(Task inputs)

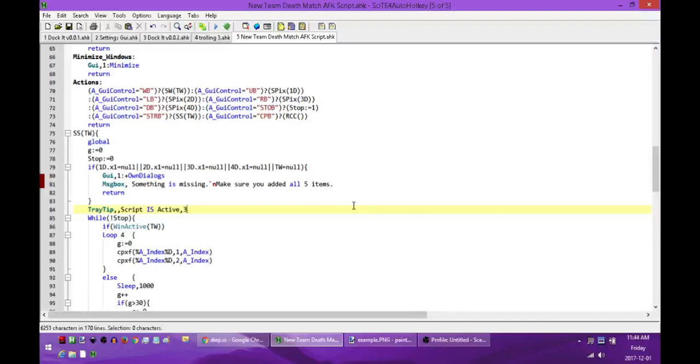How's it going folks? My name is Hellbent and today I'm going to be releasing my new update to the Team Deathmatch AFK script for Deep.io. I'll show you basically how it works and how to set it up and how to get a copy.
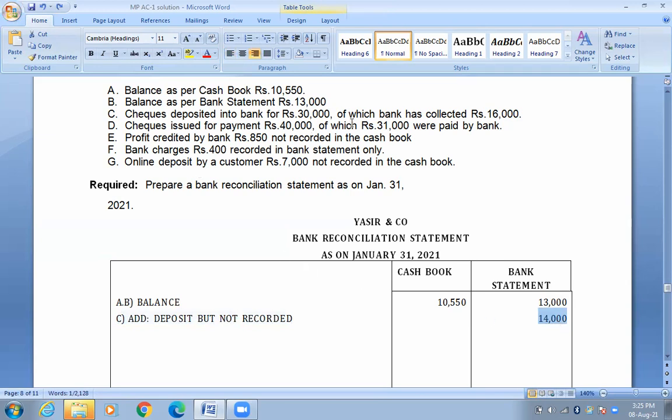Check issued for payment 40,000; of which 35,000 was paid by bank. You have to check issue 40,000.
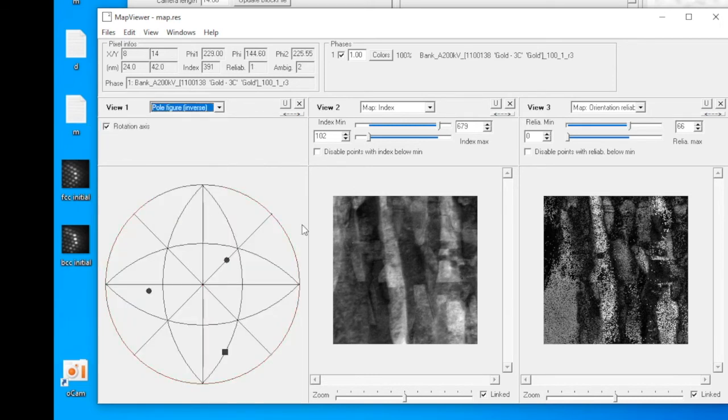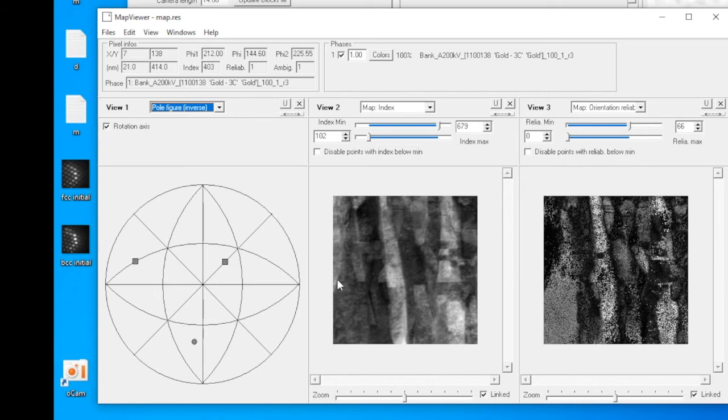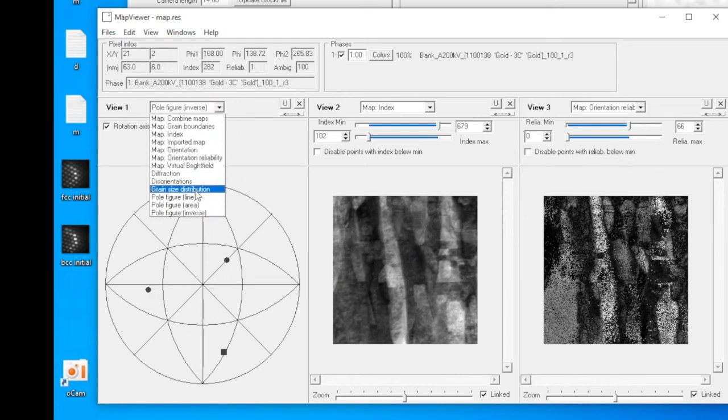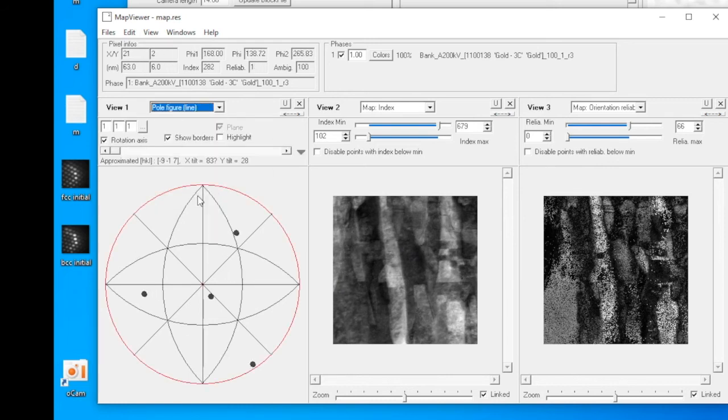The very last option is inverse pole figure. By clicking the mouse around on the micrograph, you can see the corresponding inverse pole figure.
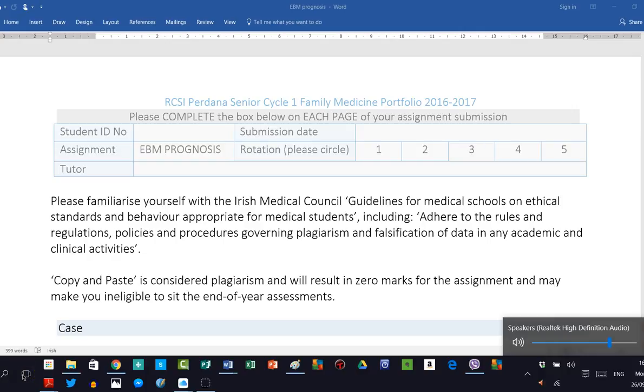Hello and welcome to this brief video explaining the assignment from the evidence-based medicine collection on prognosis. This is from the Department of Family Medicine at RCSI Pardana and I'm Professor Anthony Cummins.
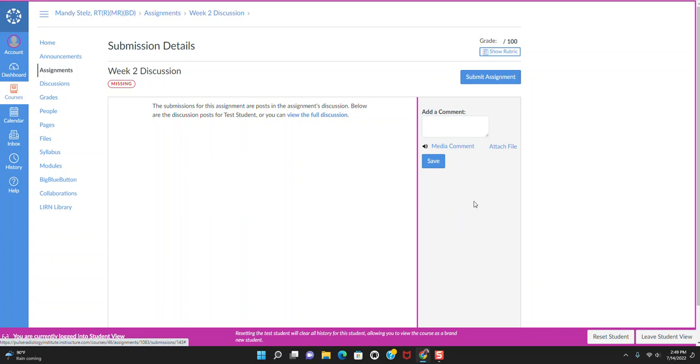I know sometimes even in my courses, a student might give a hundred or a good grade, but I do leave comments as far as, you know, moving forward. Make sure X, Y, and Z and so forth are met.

(End Task inputs)
(Task inputs)

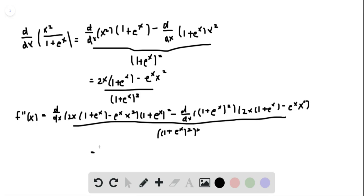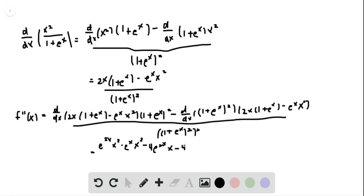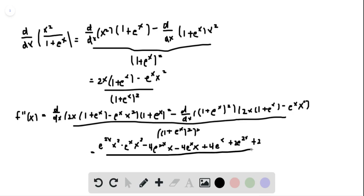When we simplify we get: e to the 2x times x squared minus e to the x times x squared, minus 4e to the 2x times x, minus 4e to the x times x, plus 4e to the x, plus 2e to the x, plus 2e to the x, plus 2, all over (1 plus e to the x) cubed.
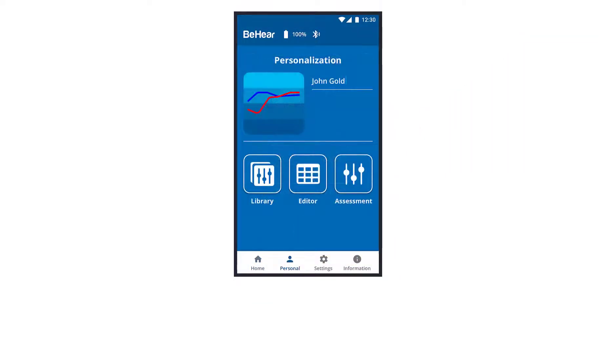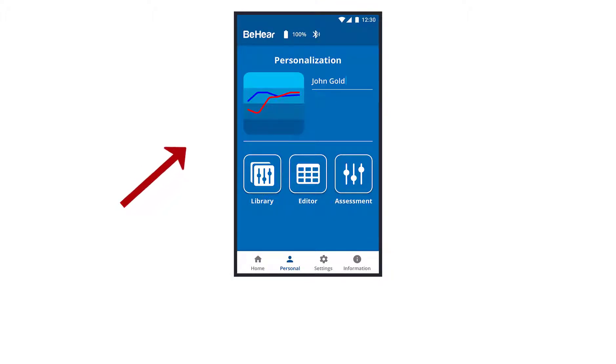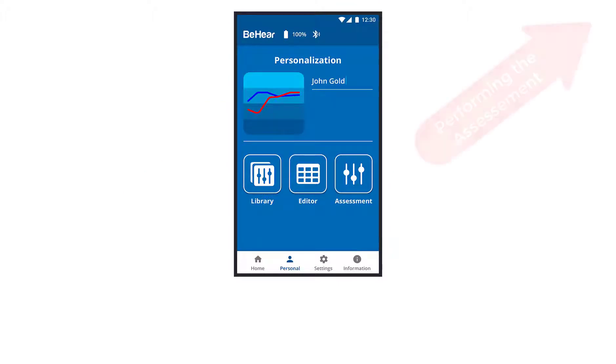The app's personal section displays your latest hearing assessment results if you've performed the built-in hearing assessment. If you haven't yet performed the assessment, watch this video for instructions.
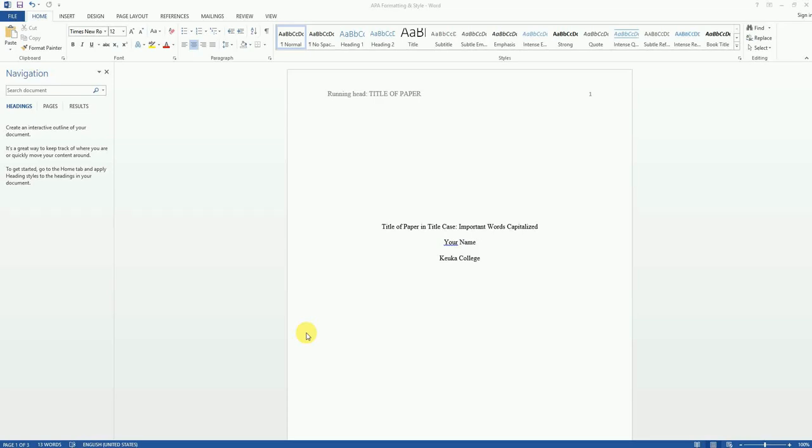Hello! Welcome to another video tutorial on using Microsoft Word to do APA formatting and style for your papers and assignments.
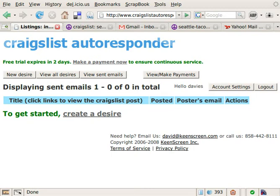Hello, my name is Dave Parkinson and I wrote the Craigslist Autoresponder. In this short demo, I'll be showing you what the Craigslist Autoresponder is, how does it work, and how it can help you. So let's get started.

(End Task inputs)

Goal of the exercise: Write down exactly what the lines above say, from the line holding "When we simplify" through the line holding "Hello, my name", and nothing more. Do not copy the pictures.

Solution for this exercise:
When we simplify we get: e to the 2x times x squared minus e to the x times x squared, minus 4e to the 2x times x, minus 4e to the x times x, plus 4e to the x, plus 2e to the x, plus 2e to the x, plus 2, all over (1 plus e to the x) cubed.
The app's personal section displays your latest hearing assessment results if you've performed the built-in hearing assessment. If you haven't yet performed the assessment, watch this video for instructions.
Hello! Welcome to another video tutorial on using Microsoft Word to do APA formatting and style for your papers and assignments.
Hello, my name is Dave Parkinson and I wrote the Craigslist Autoresponder. In this short demo, I'll be showing you what the Craigslist Autoresponder is, how does it work, and how it can help you. So let's get started.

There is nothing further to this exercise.